Er gibt dir 45 Stunden, sie zu finden.

Doch deine Suche wird ewig dauern.

Erst tötet er die Mutter, dann verschleppt er das Kind und gibt dem Vater 45 Stunden Zeit für die Suche. Das ist seine Methode. Nach Ablauf der Frist stirbt das Opfer in seinem Versteck. Doch damit ist das Grauen nicht vorbei: Den aufgefundenen Kinderleichen fehlt jeweils das linke Auge.

Bislang hat der „Augensammler“ keine brauchbare Spur hinterlassen. Da meldet sich eine mysteriöse Zeugin: Alina Gregoriev, eine blinde Physiotherapeutin, die behauptet, durch bloße Körperberührungen in die Vergangenheit ihrer Patienten sehen zu können. Und gestern habe sie womöglich den Augensammler behandelt …

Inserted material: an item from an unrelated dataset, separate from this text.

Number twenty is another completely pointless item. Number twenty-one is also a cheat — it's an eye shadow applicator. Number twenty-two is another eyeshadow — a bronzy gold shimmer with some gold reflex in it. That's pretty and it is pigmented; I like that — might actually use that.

Alexander Zorbach, ehemaliger Polizist, arbeitet bei einer Zeitung. Der Augensammler entführt Kinder, tötet die Mutter und gibt dem Vater 45 Stunden Zeit um die Kinder zu finden. Hört sich hart an? Ist es auch, denn jedem getötetem Kind fehlt das linke Auge. Zorbach wird von einer blinden aufgesucht, welche behauptet den Augensammler behandelt zu haben. Sie habe es gespürt, da sie durch Körperkontakt in die Vergangenheit schauen könne. Ein Kampf um die Zeit beginnt, werden sie die Kinder rechtzeitig finden?

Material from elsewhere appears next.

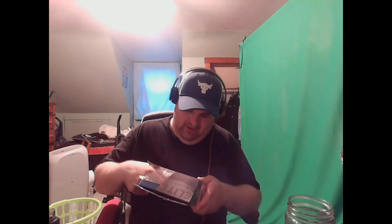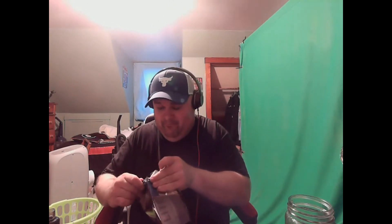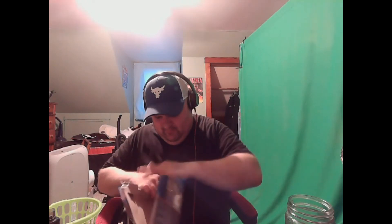My philosophy as a figure collector is you gotta let them breathe — I got that from Corden and Meyers. I will open up every figure. Your collection is your collection, you do it how you want to do it, but I'm gonna let these bad boys breathe.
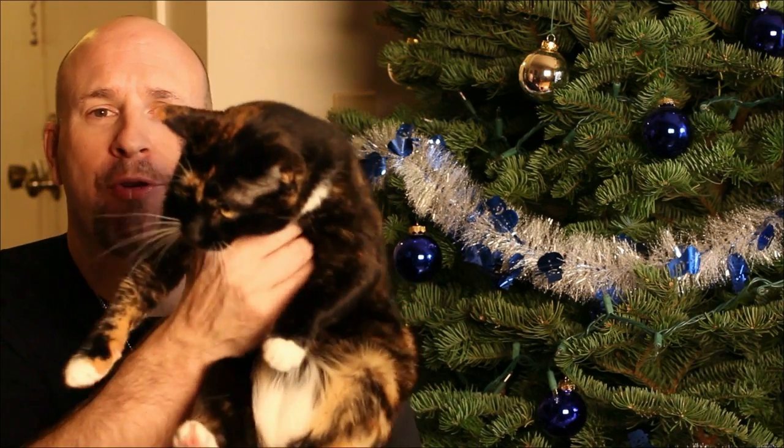Hey, what's up everyone out there in YouTube land? Elric Ferris here on the Tech of Tomorrow YouTube channel. Today the cat says hello to everybody out there in YouTube land. Wave at them — I guess she doesn't like that very much. All right, well, check it out.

Ich hatte mit diesem Buch eine Achterbahn der Gefühle, kaum dachte ich ich hätte die Lösung parat war es dann doch anders. Die Atmosphäre empfand ich als richtig bedrückend, ich mein, hallo? Es geht um Kinder! Die Charaktere waren mir aber dennoch sehr sympathisch.
Wirklich außergewöhnlich ist die Aufmachung des Buches: Es beginnt mit dem Epilog und endet mit dem Prolog, selbst die Seitenzahlen sind verkehrt herum. Gut für all jene, die gerne wissen wie viele Seiten es noch bis zum Ende sind ;) Am Ende versteht man aber auf jedenfall diese Aufmachung, ich finde es sinnvoll und eine nette Idee, auch wenn ich Anfangs extrem verwirrt deswegen war.

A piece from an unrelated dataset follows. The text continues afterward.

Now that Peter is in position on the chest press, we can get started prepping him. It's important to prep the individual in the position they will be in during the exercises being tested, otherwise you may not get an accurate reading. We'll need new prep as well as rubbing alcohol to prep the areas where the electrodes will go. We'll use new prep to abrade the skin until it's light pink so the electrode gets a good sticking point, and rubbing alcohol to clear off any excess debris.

Fitzeks Schreibstil ist gewohnt klar und spannend, er schafft es eigentlich immer mich zu fesseln. Er legt mehr Wert auf die Handlungen als das er die Umgebungen auf das kleinste Detail erklärt, ich mag das, ist aber nicht jedermanns Sache.
Die blinde Alina behauptet ja, sie könnte in die Vergangenheit schauen. Ich weiß nicht, ich fand das irgendwie unpassend zum Rest des Buches, das eigentlich nicht viel surreales aufweist. War nicht so meins. Doch die Beschreibungen von Alinas Welt, also wie es als Blinde so ist, waren echt super und gut nachvollziehbar. Fitzek selbst gibt auch an, dass er sich mit blinden zusammengetan hat um solche Informationen zu sammeln und das ganze verstehen zu können. Ich finde das merkt man, wenn der Autor recherchiert.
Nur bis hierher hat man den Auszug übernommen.